Exercise prompt
Where the lines below hold images, skip those and copy every word exactly.

Supplied information

= = = = = = =

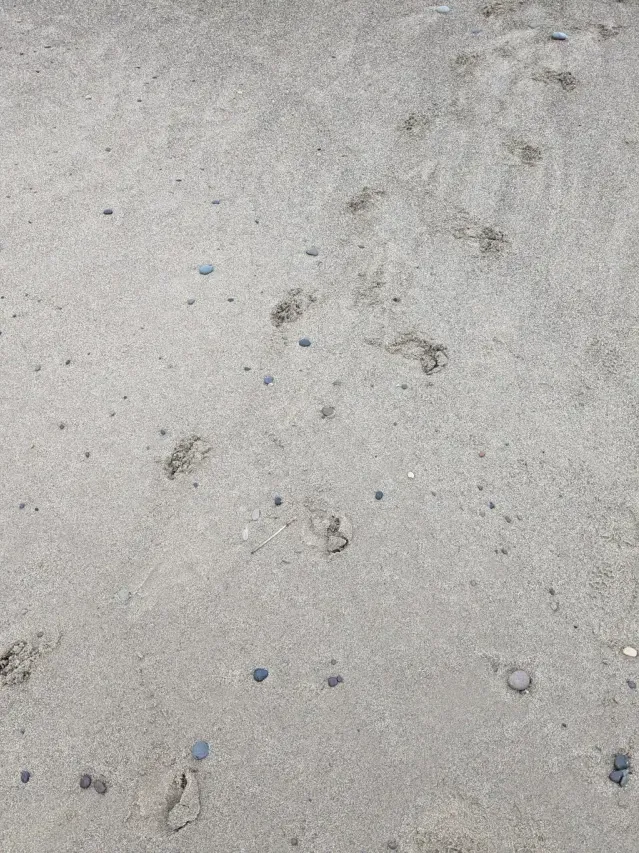 Tracks of Grey seal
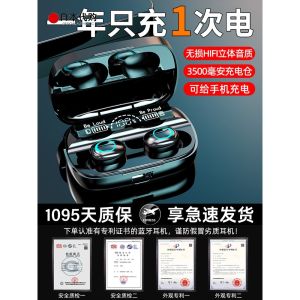 Berlin Sound True Wireless Bluetooth Earphones In-Ear High-End Sound Quality Sports Noise Reduction New 2024 Model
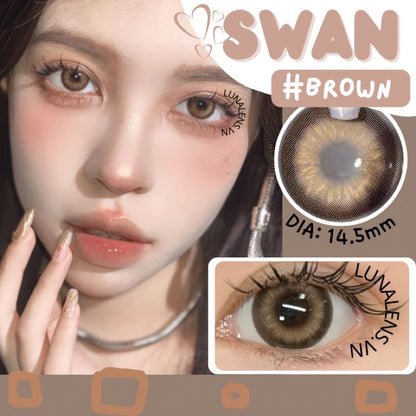 Swan Brown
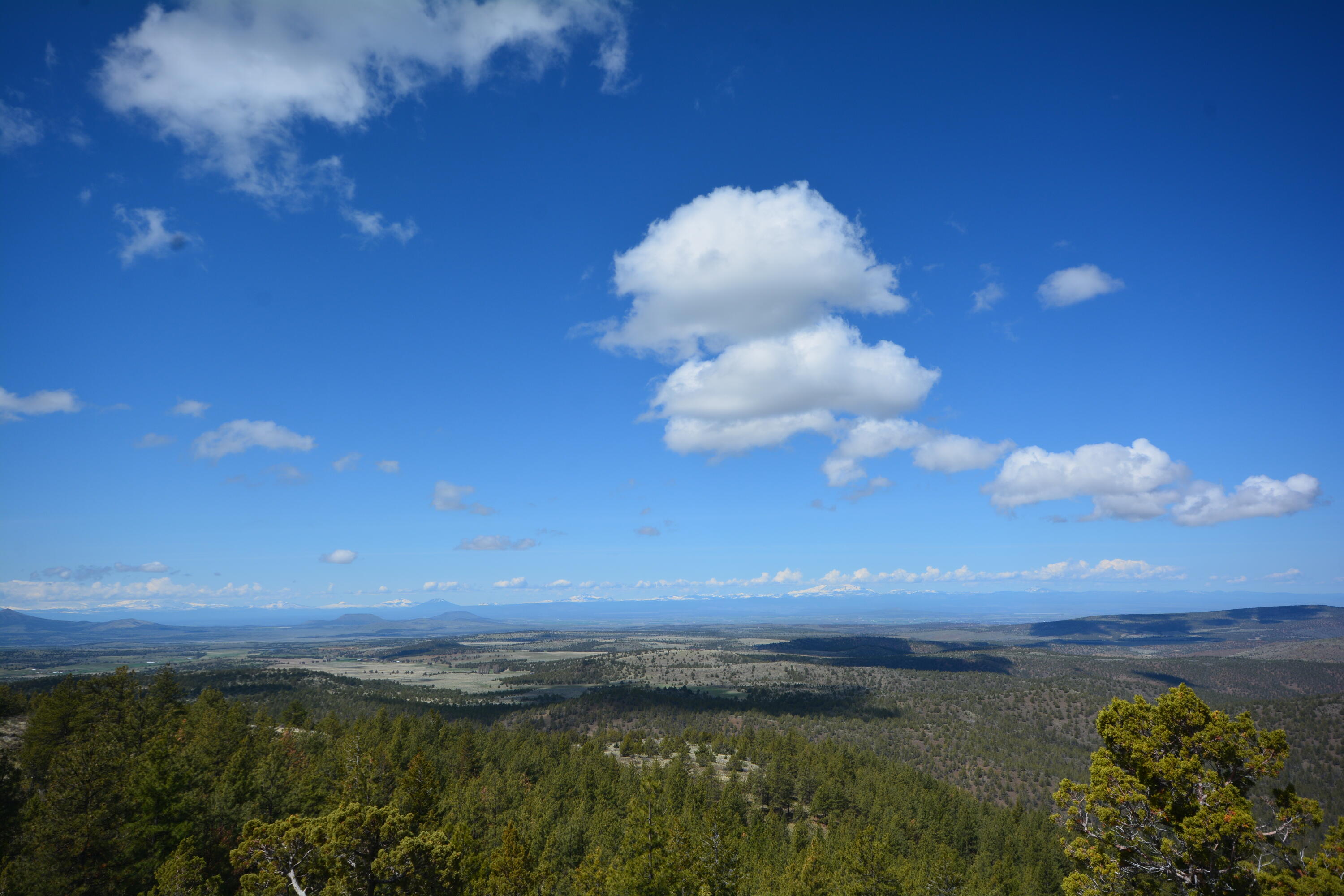 N/A Coon Ridge Road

= = = = = = =

Written reply
 Tracks of Grey seal
 Berlin Sound True Wireless Bluetooth Earphones In-Ear High-End Sound Quality Sports Noise Reduction New 2024 Model
 Swan Brown
 N/A Coon Ridge Road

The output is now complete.